JAKARTA / SINGAPORE,Jan 4: Rescuers today recovered another body and a fifth large object from the crashed AirAsia jet in the Java Sea, even as persistent bad weather hampered divers' efforts to reach the fuselage believed to contain remaining victims besides the black box.
The multinational efforts to scour the choppy waters entered its second week today after AirAsia Flight QZ8501 en route from Indonesia's Surabaya city to Singapore carrying 162 people on board mysteriously crashed last Sunday.
A pinger locator was deployed today to find the black box of the plane to determine the cause of the fatal crash.
The development comes a day after four large metal objects were located on the seabed amid reports that the plane was flying on an unauthorised schedule when it crashed.
The body was spotted by personnel on RSS Persistence at 7.58am during a brief respite from bad weather and recovered on board the ship at 8.46am, Singapore's Ministry of Defence (MINDEF) said in a statement. This takes the total number of bodies retrieved from the Java Sea so far to 31. The body was found within the Republic of Singapore Navy's designated search area in the Java Sea, it said.
Meanwhile, Indonesia's national search and rescue agency BASARNAS said a fifth large object was discovered underwater this morning. It measured about 9.8 x 1.1 x 0.4 metres.
At a news conference today, BASARNAS officials also said dives have been temporarily suspended due to bad weather, and a remotely operated underwater vehicle has been sent to the search site. There are 17 Russian divers with unmanned submersibles at the search area too.
Officials believe many of the remaining 131 passengers and crew are still strapped to their seats and efforts have focussed on locating the fuselage of the ill-fated plane.
Divers waited for breaks in today's weather to reach the spot but nearly zero visibility have hampered their efforts, said Henry Bambang Soelistyo, chief of the National Search and Rescue Agency.
There were 20 aircraft and 27 ships deployed today combing the waters for the victims and wreckage of the Airbus 320-200 aircraft, BASARNAS officials said.
Two objects were found at the bottom of the sea near Pangkalan Bun yesterday. One of the them was measured at 9.4 metres by 4.8 metres and a half-metre high. The other, found nearby, was 7.2 metres by a half metre.
According to a report on the website of Indonesia's meteorological agency BMKG, weather was the "triggering factor" in the crash.
"The most probable weather phenomenon was icing which can cause engine damage due to a cooling process. This is just one of the possibilities that occurred based on the analysis of existing meteorological data," it said. Investigators are focusing on autopsies of recovered bodies to ascertain what happened to the plane. Though some of the victims' families did not approve of autopsies, media reports said.

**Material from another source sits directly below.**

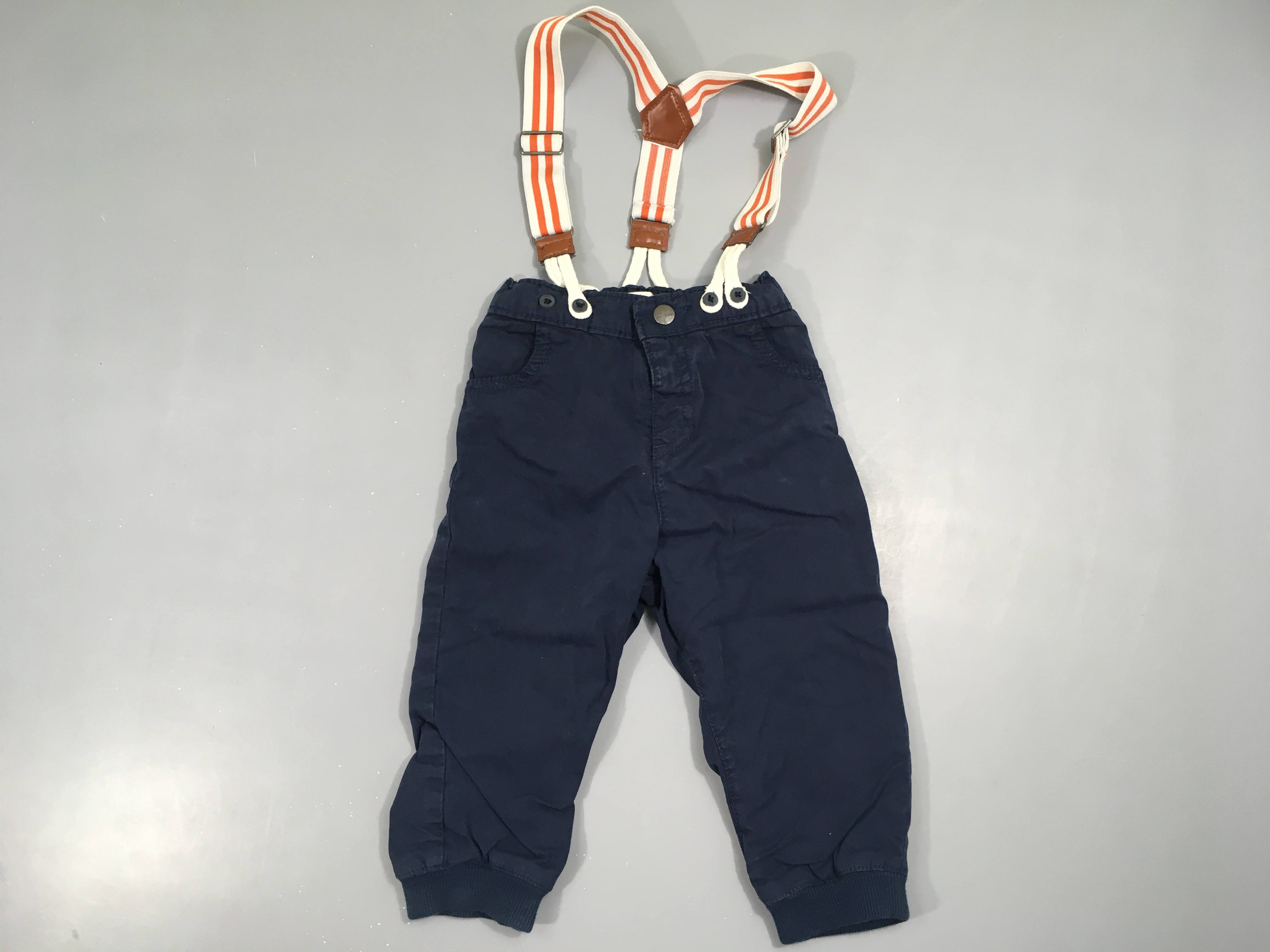 Pantalon bleu foncé doublé jersey à bretelles amovibles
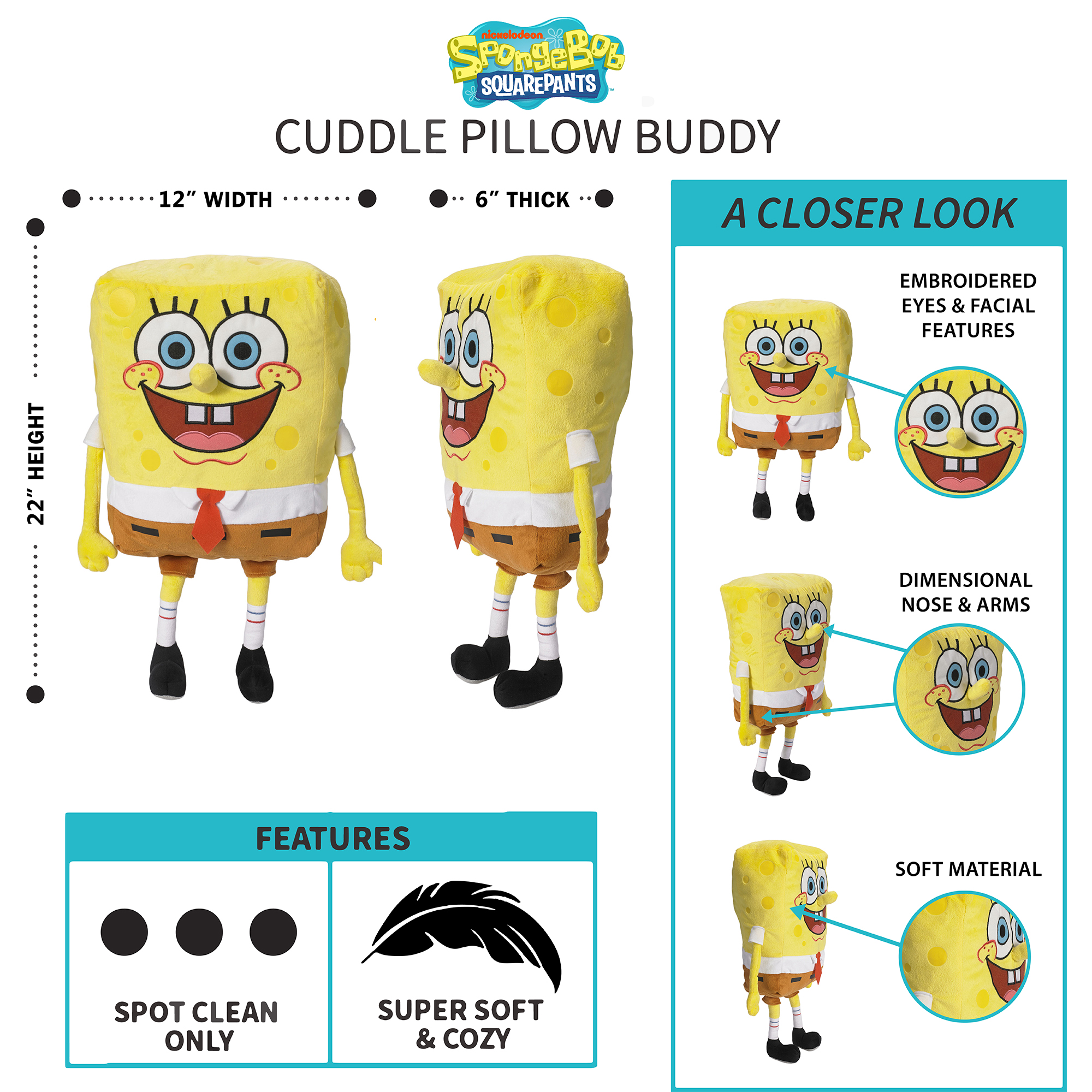 SpongeBob SquarePants Plush Cuddle Pillow photo 3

The Indonesian authorities said AirAsia had violated the terms of its licence for the Surabaya to Singapore route by flying on a Sunday, the day the aircraft plunged into the Java Sea. The authorities would probe the carrier's other schedules, The Straits Times reported.
The AirAsia plane was not permitted to fly the Surabaya- Singapore route on Sundays.
Singapore said it had approved the Surabaya-Singapore route for AirAsia flights on Sundays after the low-cost carrier's permit was frozen by Indonesia. Over a thousand worshippers attended solemn Sunday services at an Indonesian church and prayed for relatives of the deceased.
The affected families have been preparing funerals as the bodies recovered are identified in Surabaya, where a crisis centre has been set up.